Tips for students (reading)
- Do not look up every new word in a dictionary or translator as you read. You will need to use your own judgment here, but if you are looking up more than one word per sentence, you might not be able to focus on the overall message. It will be better to use the context to understand unknown words and guess their meaning as you go. If it is not too distracting, make a list of new words that you can check on later. As long as looking up words is not too distracting it is a good practice.
- Do keep a written journal of new vocabulary words. If you make a list of new words during or after reading a passage, you can see which ones are repeated and you should be able to decide which ones are most important for understanding the content you are learning. The repeated words and content words are the ones you should study by adding the appropriate meaning, example sentences, and other usage information to your vocabulary journal.
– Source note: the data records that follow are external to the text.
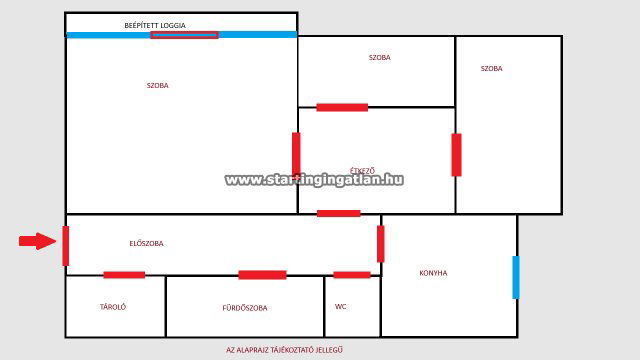 Eladó panellakás, Budapesten, X. kerületben, Hungária körúton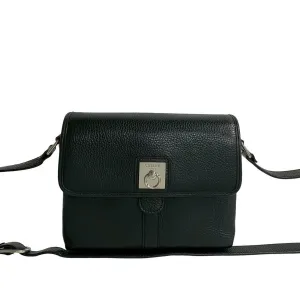 CELINE Shoulder Bag leather black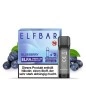Preview: Blueberry Elf Bar Elfa Pods - mit 2ml und 20mg Elf Bar Liquid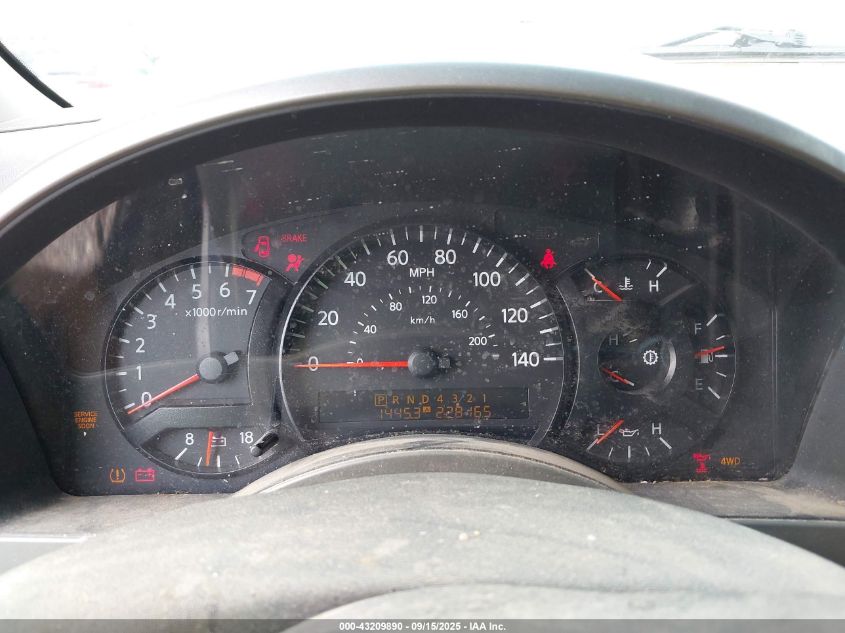 2006 Nissan Titan Se VIN: 1N6BA07B26N525616 Lot: 43209890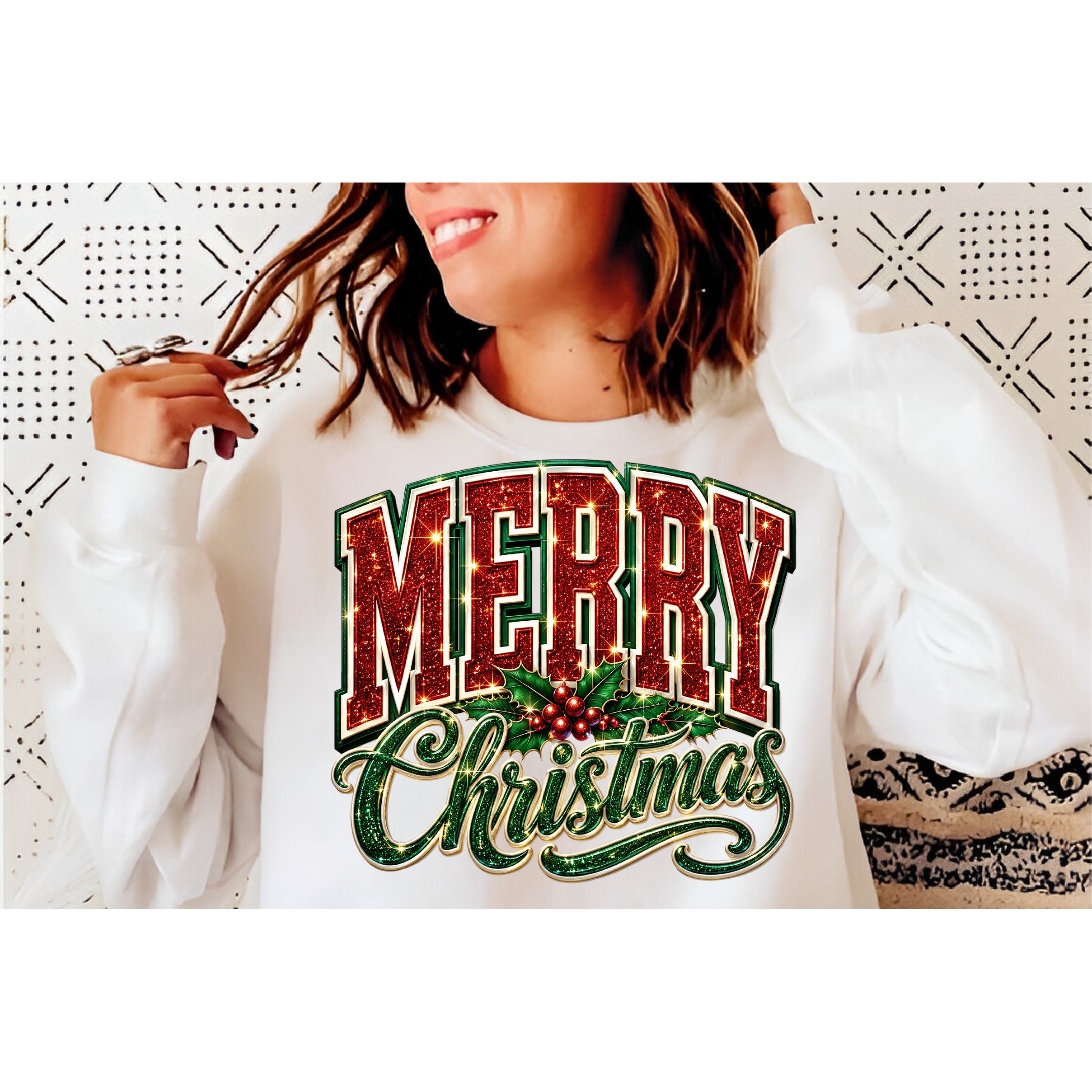 Merry Christmas Sublimation png 3
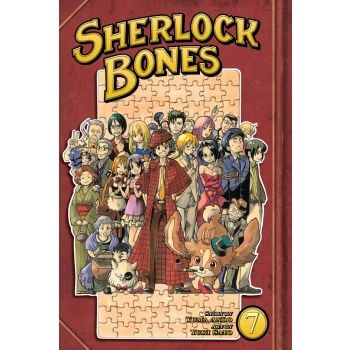 SHERLOCK BONES, Volume 7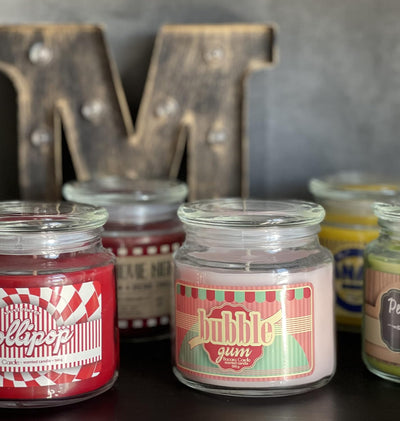Bacana Candle - Duftkerze im Glas - Duftkerze im Glas mit Deckel - Originelle Geschenkkerze - 560 g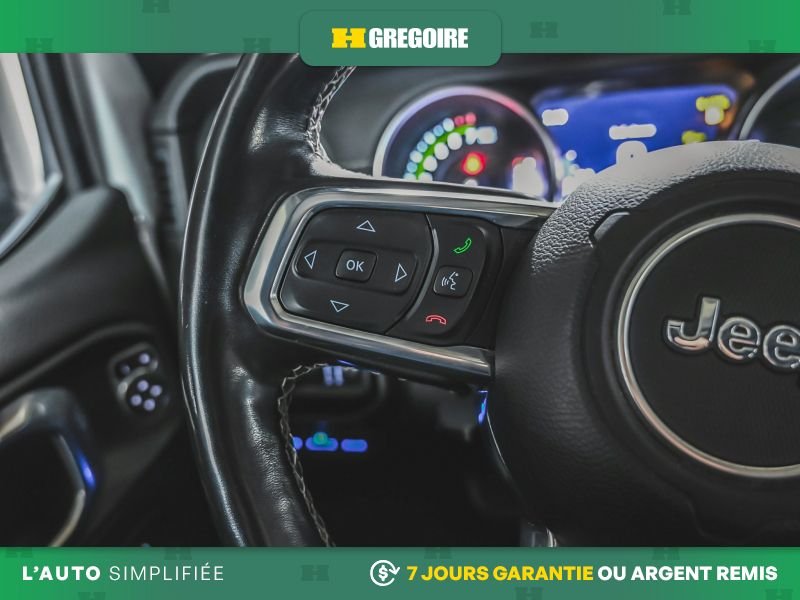 2021 Jeep Wrangler White Laval - photo #23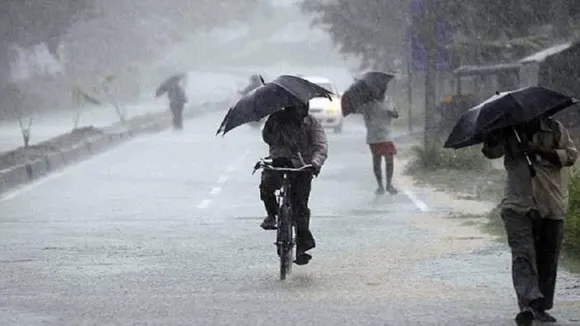 Rain Alert 7 October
- When you look up the meanings of words, use a monolingual “learners dictionary”—not a translator.Automatic translators are well-known for being inaccurate because they do not consider the context of the English word and many translators may not have high quality translation and definition software. A learners dictionary will provide much more useful information about a word, some of which you should include in your vocabulary journal.
- Use wordandphrase.info. This is an excellent resource for knowing how common a word is. If it is in the top 3000 words and/or common in your academic area, you should learn it. In the wordandphase, you can see many examples of how the word is actually used in real sentences. You can also see synonyms that are more general and more specific and you can look up phrases to find appropriate synonyms for accurately paraphrasing.
- Focus on the grammatical subject and main verb of independent clauses—this is where the core meaning of English sentences is located. Subordinate information (less important details related to the subject and verb) are located in adverbial verb phrases, noun modifiers, and prepositional phrases.
- Preview any reading by looking at the section headings to get an idea of what the chapter or article is about and how the information is organized.
- Write a brief outline and summary as you are reading. Academic texts usually put the main ideas at the beginning of paragraphs, so focus on first sentences.
Tips for teachers (reading)
While there may not be a lot that teachers can do to make their readings more comprehensible for language learners, there are a few practices that should be beneficial.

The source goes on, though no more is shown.